About five years ago, the club was generously donated a disused HF Yagi; specifically a Cushcraft A-3S tri-band beam designed for the 10, 15, and 20 metre Amateur Radio bands. This used to reside on a Scout Hut near Basingstoke, but sadly the licensed amateurs moved away and therefore the mast had to be decommissioned. Since then, the Yagi had been sat in various different locations in a state of disrepair.
It has been a long-standing goal of the club to establish a working shack, and to this end the Students’ Union gave us some funding so we could build a new multi-antenna mast. The HF Yagi was going to be the centrepiece of this mast. However, due to the complexities of deploying such infrastructure on the University campus, this has not yet happened. Nevertheless, as part of the funding was intended to refurbish existing equipment, bringing the Yagi up to spec was really the only thing we could currently do with the funding. We may not be able to raise the Yagi up to a height where it would be most effective but at least we can use our telescopic mast for temporary, less elevated, erections.
In order to achieve this, we first needed to make an initial assessment of what parts were present and which parts were missing or broken, logging all this information on wiki page. Once we had a rough idea of what we needed we could start looking into how much that might cost to order from Cushcraft. At the same time, we decided the that the present components needed a good clean up. After using an inordinate amount of wire wool, everything looked rather shiny and new.
Next, we disassembled the traps, which was a lot more difficult than we had hoped, but the good news was that they looked to be in a fairly good condition. Even so, it was clear that some of the black plastic end caps and internal white plastic spacers would need replacing. We decided that it would be a good idea to replace all the screws that attached the coils to the rest of the trap, as in most cases these were quite rusty.
In early November 2017, we finalised and sent off our order to Cushcraft. Despite them being in the US the order was delivered quite promptly, so we scheduled a workshop for 19th November to assemble the Yagi for the first time. Despite hitting a number of issues during the course of the day, we managed to fully assemble the driver, reflector and director elements, just before it got dark.

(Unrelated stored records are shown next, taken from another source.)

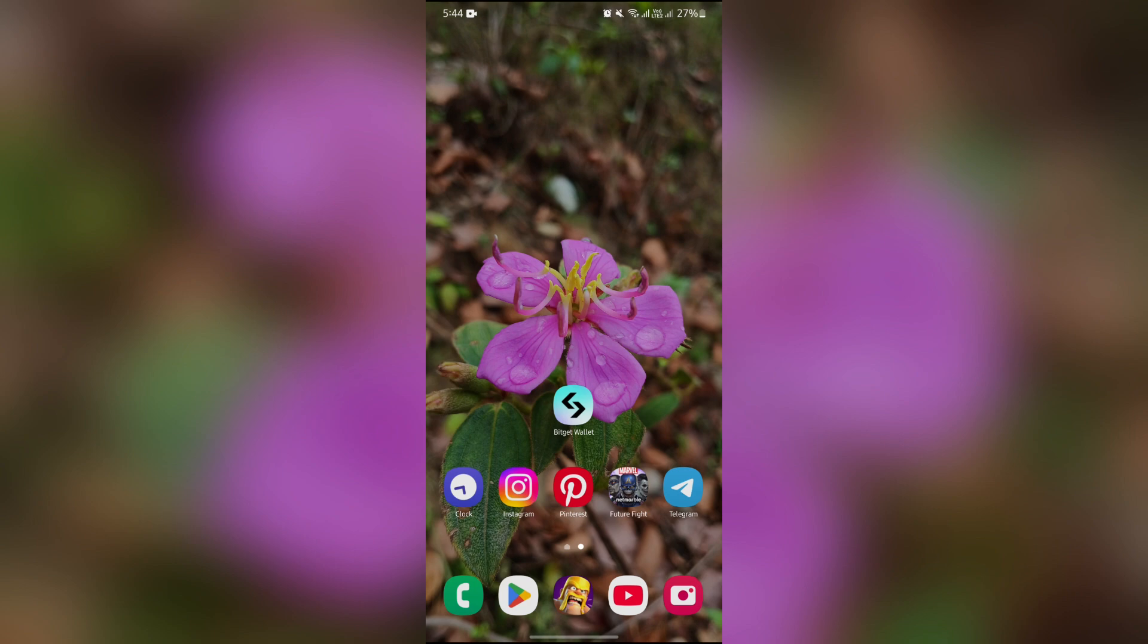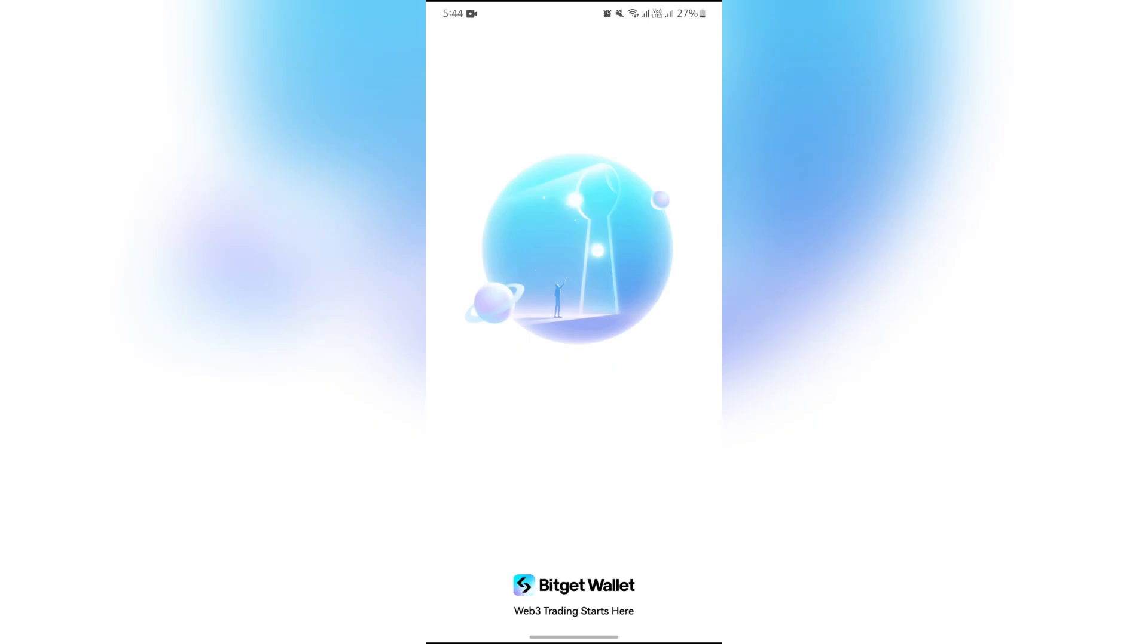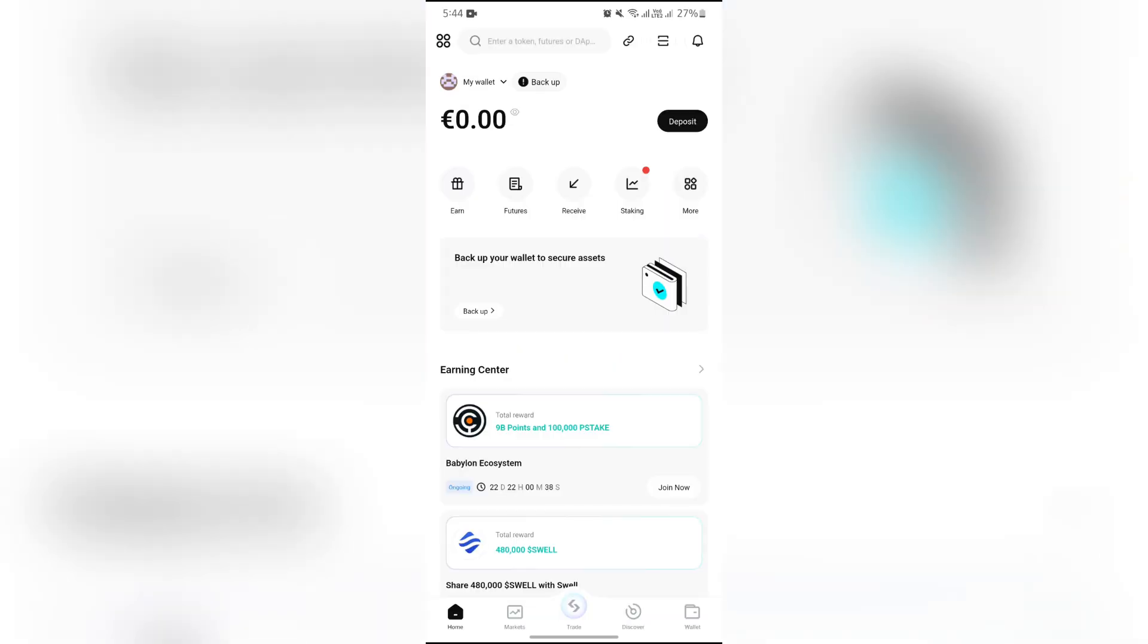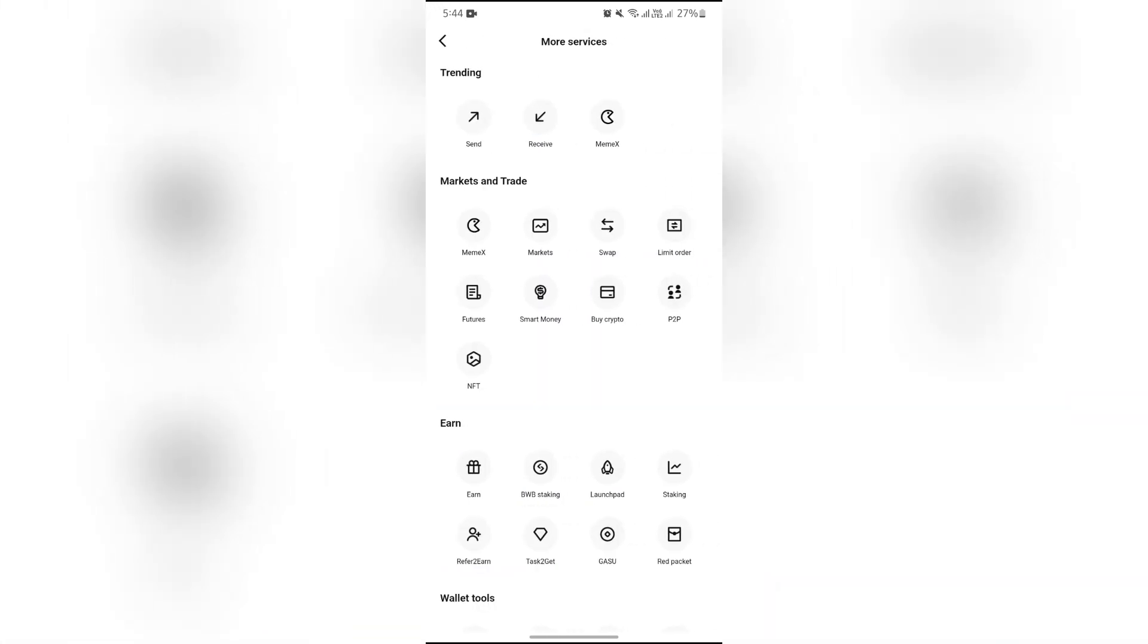an NFT, you simply have to open your BitGet wallet first. After opening this application, you will see the More option on the home page. Simply tap the More button, and after that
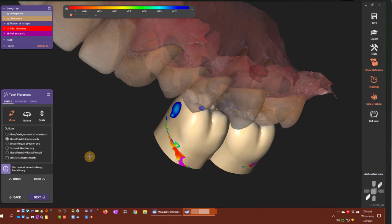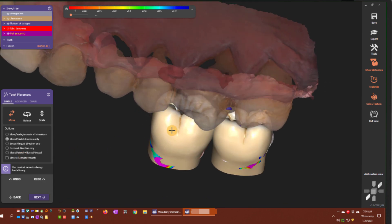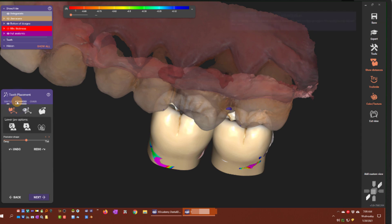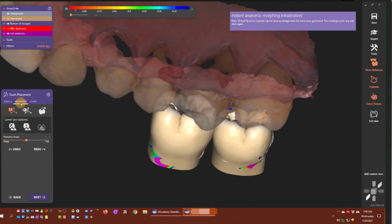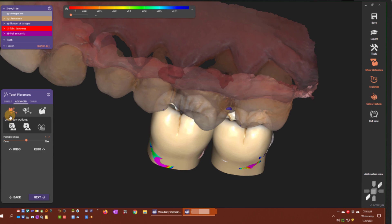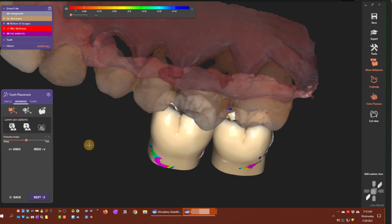What's new — an added functionality for this version — is if you go to the advanced menu in the tooth placement step, you'll see we have these six icons, three on the top and three on the bottom. And then you have a slider that says 'posterior shape: deep or flat.' This is the instant anatomic morphing tool, even if it doesn't say so. Let me show you what that does.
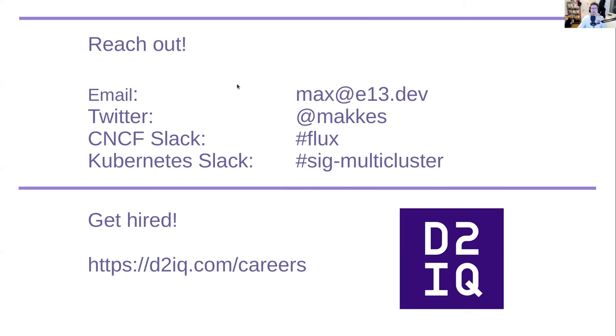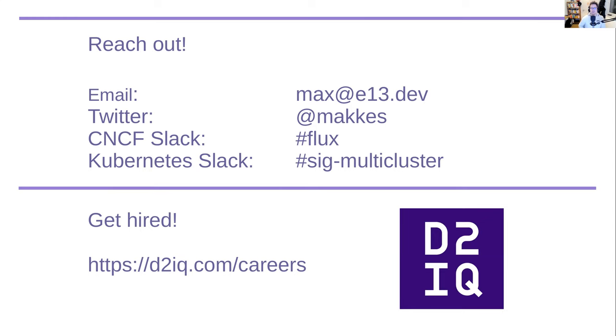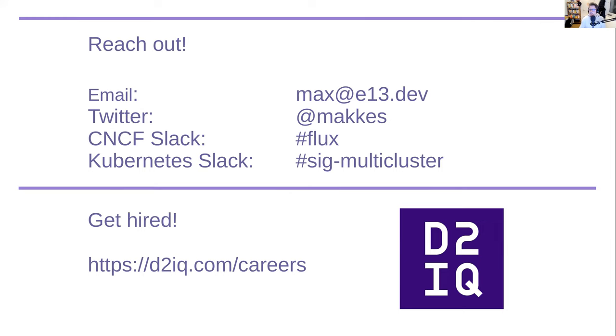And that wraps it up. I want to encourage you to reach out to myself either via email or on Twitter or at the best, I would say on the CNCF slack. So there's the flux channel there that is extremely active and that's a really helpful and extremely friendly community. That's actually one thing why we like flux so much and why it was so easy for us to embrace it because the community is just awesome. I'm also kind of active on the SIG multi-cluster Kubernetes slack channel, which is the channel where we talk about cube fed. And if you want to, you can also get hired by D2IQ and work on DKP. And I guess we can dive into the questions now.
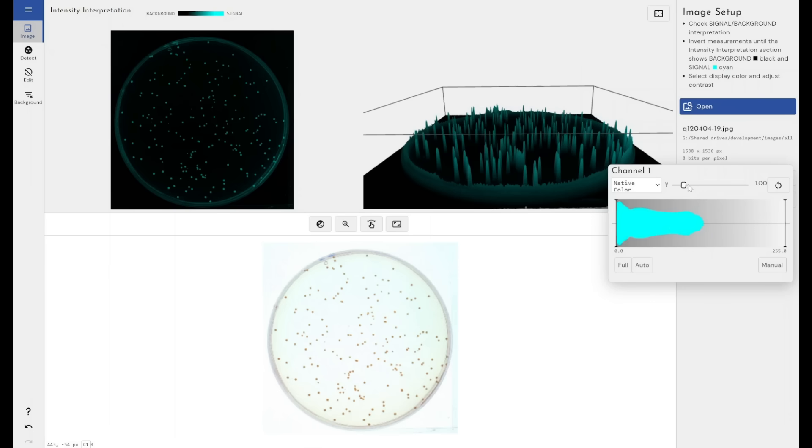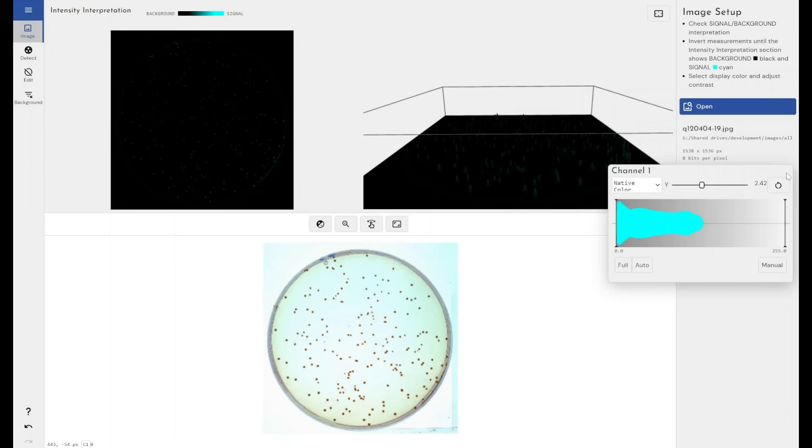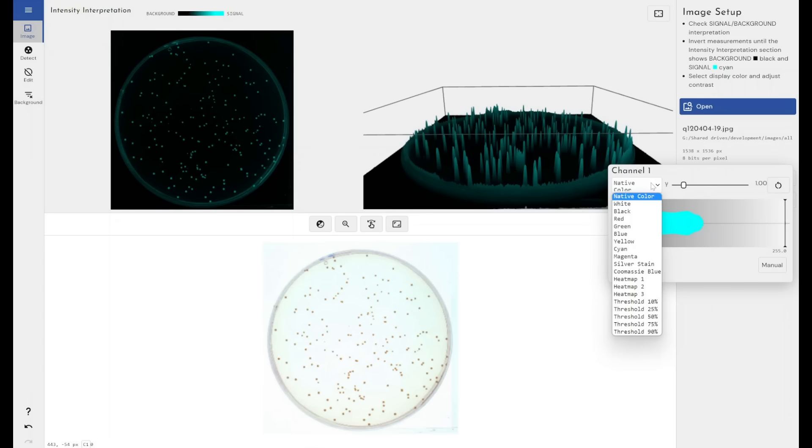We have the brightness slider up here. We have a number of false color heat maps that we can apply to our image to increase the contrast between what we're trying to measure and the background of the image. It's quite obvious where our colonies are on our plate here.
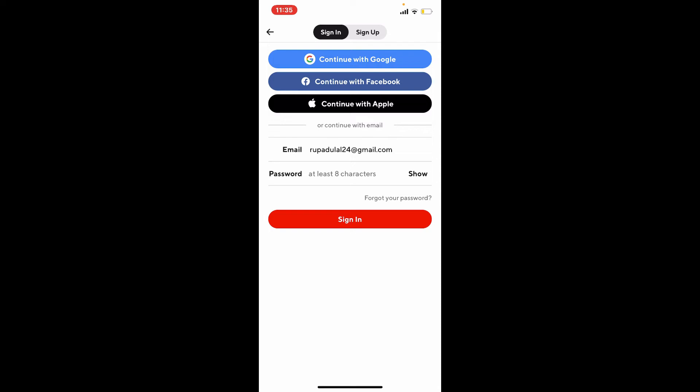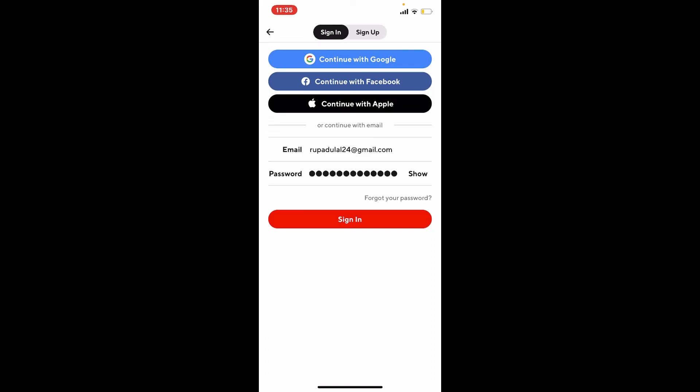In case you don't remember your password, tap on the forgot your password link beneath. Finally, after typing in your credentials correctly, tap the sign-in button. Soon after you do that, you'll be able to log into your DoorDash app right away from your mobile device.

The following Sunday afternoon we decided that we decided to try to test the HF Yagi. Although we had the original boom, which came in two parts joined by an overlapping connecting aluminium tube, it was still too large for the storage we had available. Finding a solution to this problem was less than straightforward, as it looked like the connecting tube was the same diameter as the two parts of the boom but had been cross cut so it could stretch around them. Eventually, we decided to saw through the overlapping connector where we thought the two boom parts meet. We needed to come up with a new solution for the boom.
We acquired a 15ft aluminium tube, which we hoped to use as a solid boom but it turned out the diameter was too great the U-bolts for attaching the elements would not fit round. We had a couple of sections of an interconnecting mast but this only came to 10ft. Therefore we needed to reuse half of the old boom to make this ad-hoc boom sufficiently long. After, securing the interconnecting parts of the boom using jubilee clips — and a bit more tinkering to fit the U-bolts round the boom — we eventually got the HF Yagi erected just before it got dark.
Although we could not get the HF Yagi as high as we would have liked, as our telescopic guyed mast would only allow us to raise it 3 metres above the ground, this was sufficient for basic testing of the mast. Using our new portable operating table, our FT-920, and new tuner donated by an alumni, we tested the Yagi on all three bands (10, 15 and 20 metres). The SWR was good on the 15m band, but the 10m and 20m bands required the use of a tuner in order to improve the SWR. This behaviour was unexpected, and implies that the RF traps could be faulty. A VNA is required to do a frequency sweep and identify what is causing the fault.